I should remember that ODE, both and new never liked multiple regions per instance.

in fact those still have several issues, some I did tried to fix.
for example do not try to shutdown just one of those regions...

Over the years most devs only worked with a single region per instance, so issues pilled up on top of already weak original support.

ODE issue is that heartbeats of the diferente regions will wait while one is on ode inner work.
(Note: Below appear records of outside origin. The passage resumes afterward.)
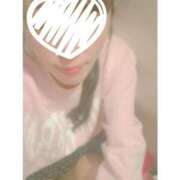 ヒメ日記 2025/11/11 11:58 投稿 あん ミセス大阪十三店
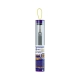 Mechanic & XILI S2 Screwdriver Set For Mobile Phone Repair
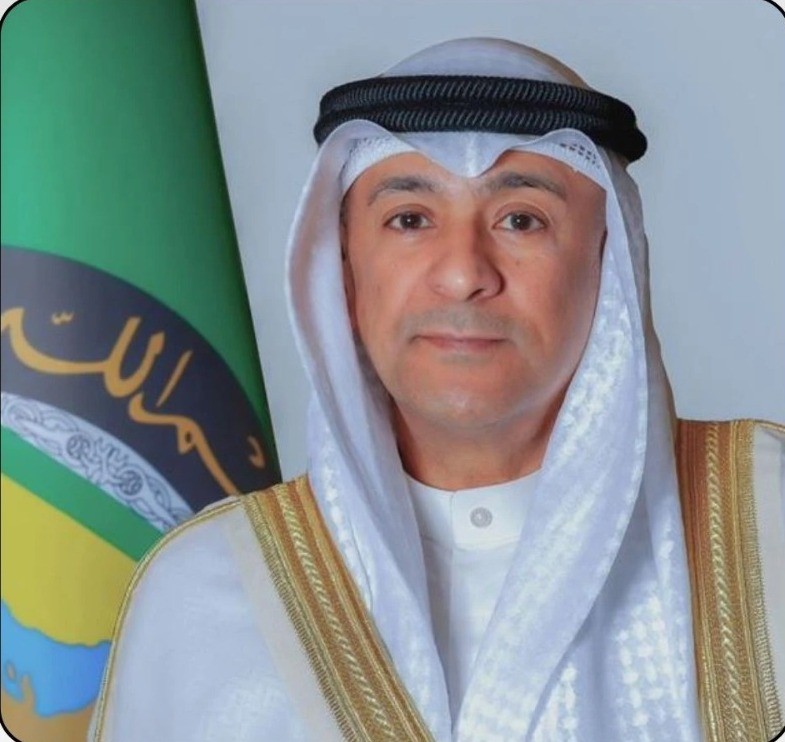 البديوي: احتياطيات دول الخليج من النفط الخام تتجاوز 518 مليار برميل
With low loads, they will eventually time drift, so will reach those sections in diferent time, reason why all seem to work so far.

my last changes on ubode locking where to replace a lock on a larger section of code, but several on smaller critical sections, so regions work can interleave better.

And that is working ok for me :(
(0034016)
mewtwo0641   
2019-01-29 18:10   
It's odd because I haven't had any (apparent) issues running ODE/ubODE multi-region per instance prior to the commit mentioned in the mantis; at least nothing major like complete freeze up while OpenSim is loading up or the world just not loading at all / frozen avatars.

I did check the latest master just now and it seems to be a lot better. OS loads up without hanging and things load for me in world and I can move around now :) I will keep this open for a bit while I test more extensively to be sure.

Thanks Ubit!
(0034305)
BillBlight   
2019-02-05 12:27   
Old Issues, closed, can be reopened if they still exist